Physically changing the way the audience views a play can make them a better audience. I’ve become a fan of not working in proscenium where the audience is all on one side and everyone is seated looking at one image. Every Broadway Theater is set up this way. Creating scenery for that big of a space inevitably commits you to having to create walls. I hate creating walls in theater because it means your set is generally going to be realistic. One of the things about theater is that it lends itself, unlike movies, to a more surreal, more avant-garde, more hyper realistic world that doesn’t feel like it has to live in the confines of what we all consider reality.
I love working in the round. The play we recently did, The Audience, is set in the round, where the audience is on all four sides. We’ve created stadium like seating. So the seat configuration no longer allows the Queen to present a single face. Everyone gets a different part of her and there’s nowhere for her to hide. There’s no magic you can do. Magic is dependent on proscenium. That speaks to Chicago Theater, which is about grittier, raw, torn open theater where everything has to be seen and everything is witnessed and everything is up for grabs, and you’re not twenty rows away. You’re two rows away. You feel it. It makes me never want to leave small theater.
What need does theater fulfill that no other art form can do?
The most important thing about theater is that it’s elusive. It disappears. There’s something very important about art that we can see and can be a part of that goes away. That quality separates it from almost every other art form. You could also say that it’s the weakest part because with movies, we can always go back to them and share them with our kids. We can go to a museum and stand in front of a piece of art and appreciate it.
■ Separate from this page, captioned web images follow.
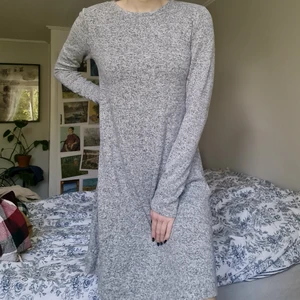 klänning - Jätteskön och mysig typ stickad klänning från bikbok! Den har bara blivit använd en gång så i nyskick! jättemysig att ha i höst/vinter!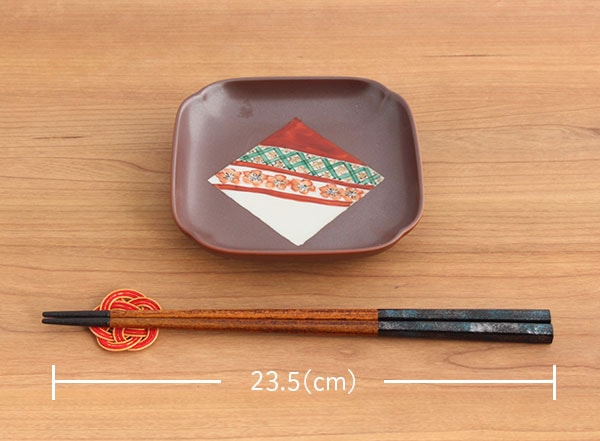 九谷美陶園 四寸角皿（吸坂手赤絵梅文）｜九谷焼のうつわ｜和食器通販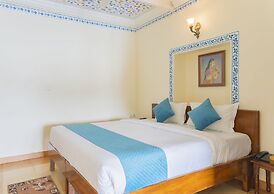 Natural Lake View Hotel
Theater demands you to partake in it. You can’t move through it quickly. It’s one art that does change. One night you can be at a performance and it will be on fire. It will be magnificent and the next night it might not be because the audience wasn’t magnificent or the actors were in a different mood. Even though many people say it’s a dying art form, I think that ethereal quality will be the unique thing that keeps it alive.
Nick Bowling is co-founder and director of TimeLine Theater in Chicago. TimeLine was recently awarded the MacArthur Genius Grant for creative and effective institutions. Nick is the recipient of 7 Jeff Awards and was cited by the Chicago Tribune as a Director to watch in 2013.